▽

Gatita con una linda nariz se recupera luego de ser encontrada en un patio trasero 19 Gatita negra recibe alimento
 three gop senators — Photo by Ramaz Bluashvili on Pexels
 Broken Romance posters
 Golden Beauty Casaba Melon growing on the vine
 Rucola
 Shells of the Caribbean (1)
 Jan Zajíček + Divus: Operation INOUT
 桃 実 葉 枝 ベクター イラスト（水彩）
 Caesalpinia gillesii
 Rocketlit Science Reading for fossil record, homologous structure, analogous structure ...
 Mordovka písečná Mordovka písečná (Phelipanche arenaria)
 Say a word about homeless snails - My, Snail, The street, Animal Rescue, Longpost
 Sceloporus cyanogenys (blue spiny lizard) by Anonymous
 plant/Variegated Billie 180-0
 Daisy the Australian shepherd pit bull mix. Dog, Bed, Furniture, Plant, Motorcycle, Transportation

△

▶ [Description of the task] Which lines run from the one holding "Broken Romance posters" through the one holding "Rocketlit Science Reading" in the records above? Repeat them exactly, both included, and nothing more.

▶ [Answer to the exercise]
 Broken Romance posters
 Golden Beauty Casaba Melon growing on the vine
 Rucola
 Shells of the Caribbean (1)
 Jan Zajíček + Divus: Operation INOUT
 桃 実 葉 枝 ベクター イラスト（水彩）
 Caesalpinia gillesii
 Rocketlit Science Reading for fossil record, homologous structure, analogous structure ...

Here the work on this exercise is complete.